At the line with "Shell Pearl Beads&nbsp;SSHEL-WH0002-03", start transcribing; stop after the last line of the data below. Keep it exact and leave pictures out.
Top of EXERCISE MATERIALS
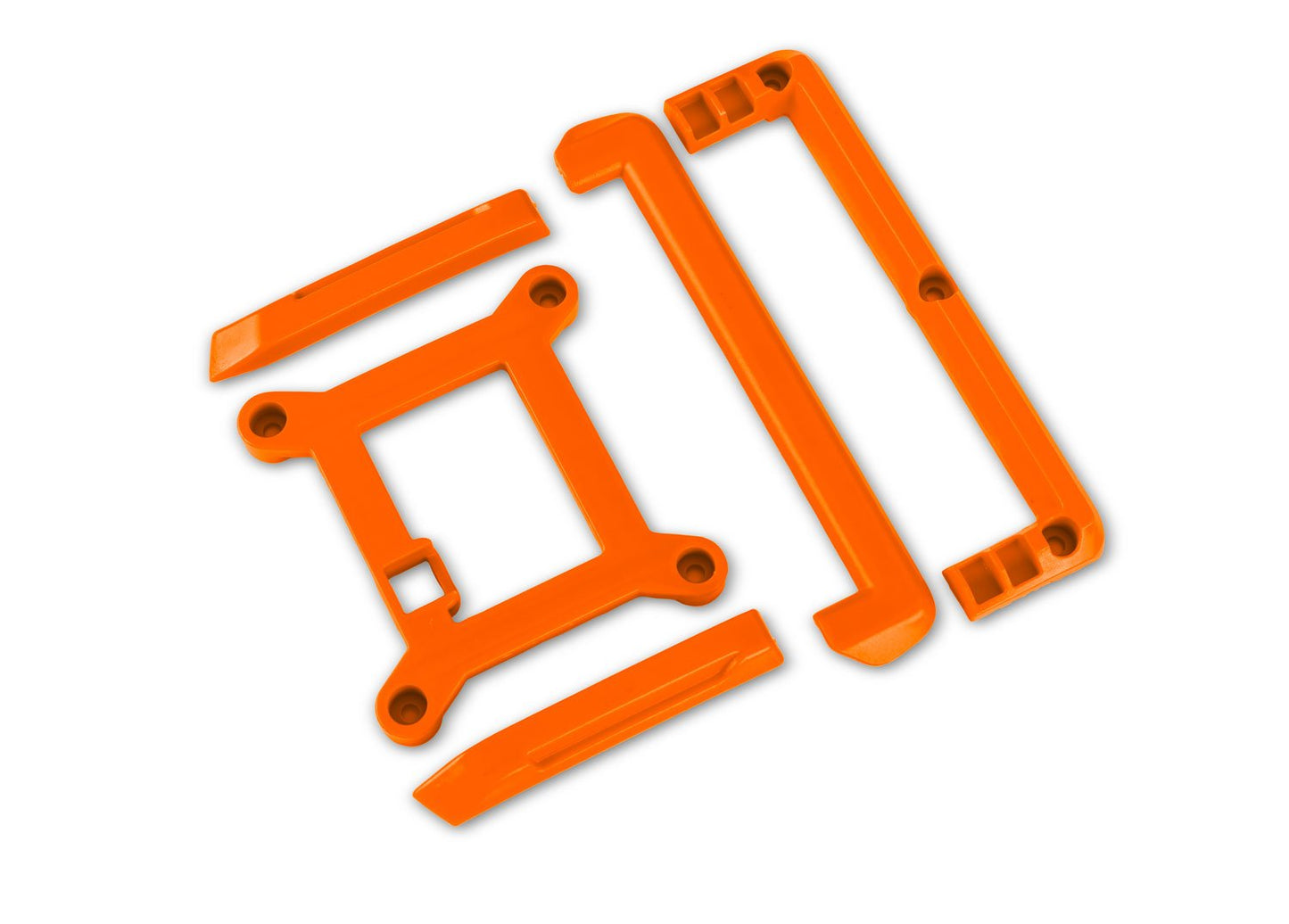 SKIDPLATE/TGATE PROTECTOR ORNG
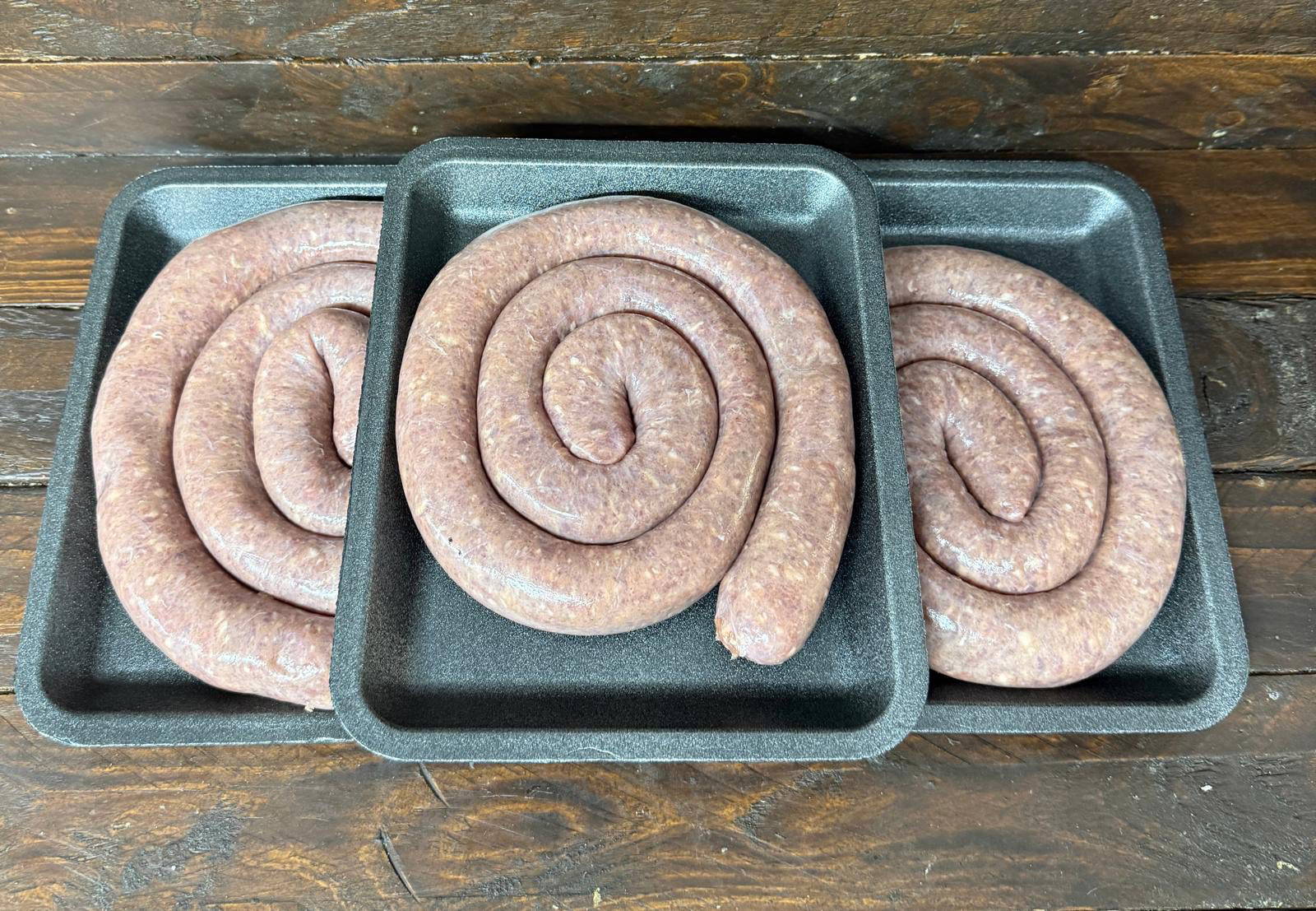 Boerewors Sausage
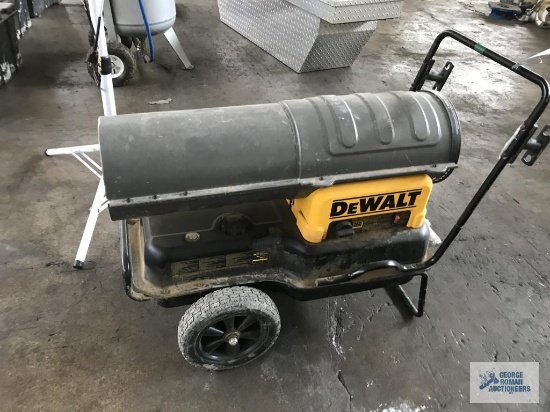 DEWALT SPACE HEATER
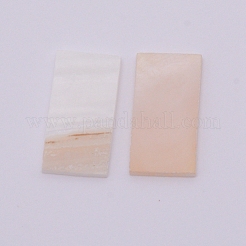 Shell Pearl Beads&nbsp;SSHEL-WH0002-03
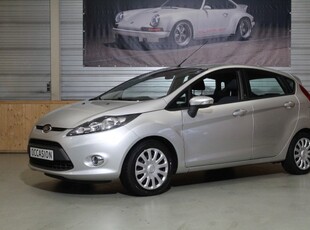 Ford Fiesta 1.25 TITANIUM / AIRCO 5DRS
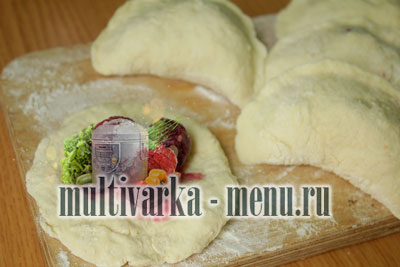 вареники рецепт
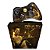 KIT Capa Case e Skin Xbox 360 Controle - Deus Ex - Imagem 1
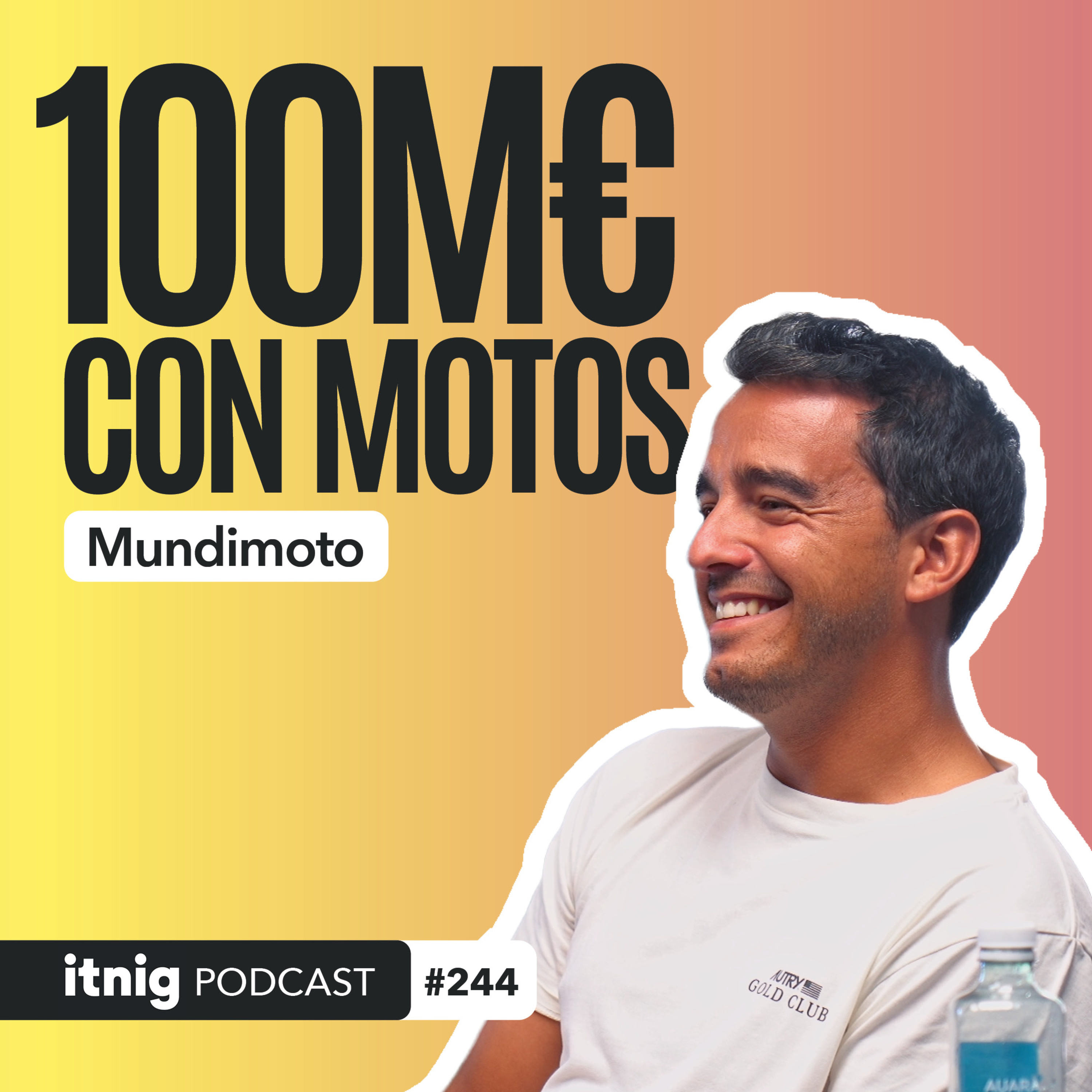 El negocio de Mundimoto: comprar y vender motos de segunda mano episode artwork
Bottom of EXERCISE MATERIALS
*SOLUTION TO THIS EXERCISE*:
 Shell Pearl Beads&nbsp;SSHEL-WH0002-03
 Ford Fiesta 1.25 TITANIUM / AIRCO 5DRS
 вареники рецепт
 KIT Capa Case e Skin Xbox 360 Controle - Deus Ex - Imagem 1
 El negocio de Mundimoto: comprar y vender motos de segunda mano episode artwork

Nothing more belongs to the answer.